49. Dua Kubu (18)

0 1 0
                                    

Amaran memejamkan matanya. Merasakan sesuatu yang luar biasa saat dia mencoba menembus sesuatu yang menghalangi kala dirinya merasakan semua tindakan. Tak lama, mata Amaran kembali terbuka, memperlihatkan manik merah mudanya yang dipenuhi dengan kilauan.

Gadis itu takjub, merasa terkejut dengan apa yang dilihatnya. Bukan hanya dalam Inggris, bahkan dia bisa melihat beberapa negara yang sedang kacau di luar sana. Amaran mundur sedikit, menatap kedua telapak tangannya dan kembali memejamkan mata itu secara perlahan.

Sebelum dia mengingat sesuatu tentang beberapa hari yang lalu.

"Amaran." Darren memanggilnya, seperti biasa membuat Amaran yang sedang bekerja dengan lesu menolehkan kepala. "Izinkan aku berada di sini sebentar, ada beberapa informasi yang harus diurus. Rafael meminta itu padamu."

"Rafael?"

Amaran hanya duduk, melihat Darren yang berada di atas tilam, membuka beberapa kertas yang ia pegang. "Pertama, cari sebagian orang yang berada di luar Inggris, dan jika kamu melihat seseorang dengan kemampuan–"

Belum menyelesaikan perkataannya, Darren mengangkat satu alisnya kebingungan saat melihat Amaran yang tiba-tiba menatapnya begitu dalam.

"Apa?"

"Bukankah kamu masih belum pulih?" tanya Amaran membuat Darren menghela napas dan menggeleng kepalanya pelan.

"Tidak, aku sudah sembuh, jangan pedulikan itu."

Amaran membalikkan badannya untuk lebih fokus ke beberapa kertas di atas meja. "Kamu tahu, 'kan? Persentase kemampuanku pasti tidak cukup jika harus digunakan sampai ke luar Inggris. Itu membutuhkan lebih banyak persentase agar aku bisa melihatnya secara jelas."

"Kalau begitu tidak perlu dilanjutkan." Amaran menoleh, kemudian mengernyit saat melihat Darren yang menata kertas di tangannya. "Kenapa harus repot-repot? Kemampuanmu ada batasannya juga."

Amaran terdiam, mengembuskan napasnya dan memainkan pena yang ia simpan di atas meja.

"Aku tahu apa niat Rafael, Amaran." Darren sedikit melirik ke arah Amaran yang masih diam di tempatnya. "Rafael tidak mungkin membuat kemampuanmu habis begitu saja, kamu sebenarnya menyimpan lebih banyak persentase, 'kan?"
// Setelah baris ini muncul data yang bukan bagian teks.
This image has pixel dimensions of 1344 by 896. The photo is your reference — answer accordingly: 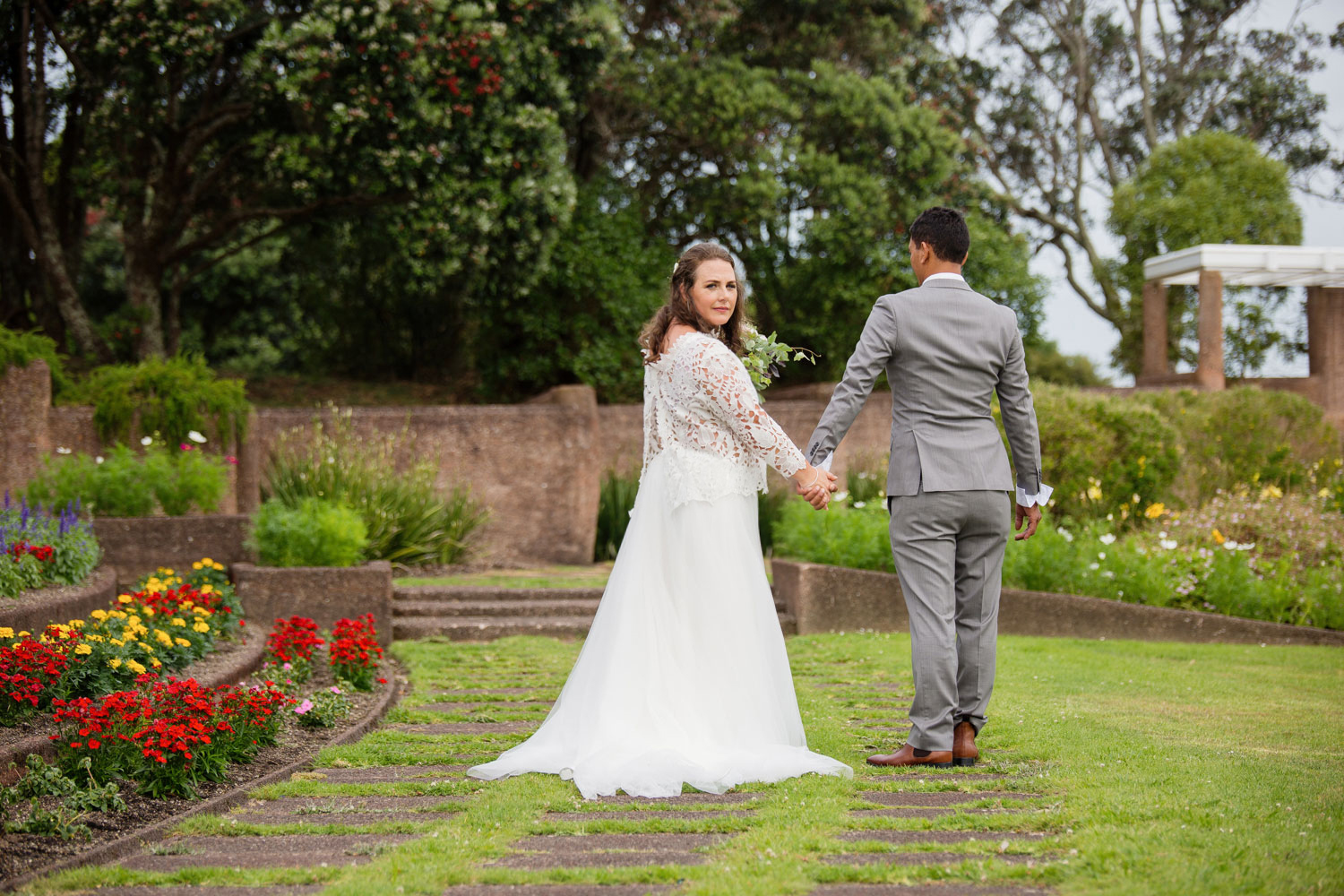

"Ugh, kenapa sih ... tidak ada yang meminta orang-orang untuk membuatku ikut campur." Amaran mencoret-coret kertas, layaknya seseorang yang sedang serius bekerja, tetapi nyatanya dia hanya membuat tulisan abstrak di atas kertas tersebut.

"Bukan itu intinya."

Amaran memutar bola mata. "Jika kamu datang hanya untuk menginterogasi, lebih baik tinggalkan aku sendiri dan pulihkan tubuhmu itu."

"Aku hanya penasaran dengan alasanmu, Amaran. Aku hanya tidak ingin ada sesuatu terjadi padamu. Kita sudah dekat, sejak awal kompetisi ...." Darren berujar, tetapi matanya masih terfokus pada kertas-kertas yang ia pegang.

"Dekat? Padahal kita hanya sepasang teman." Amaran memberikan penjelasan, membuat Darren mengentikan kegiatannya.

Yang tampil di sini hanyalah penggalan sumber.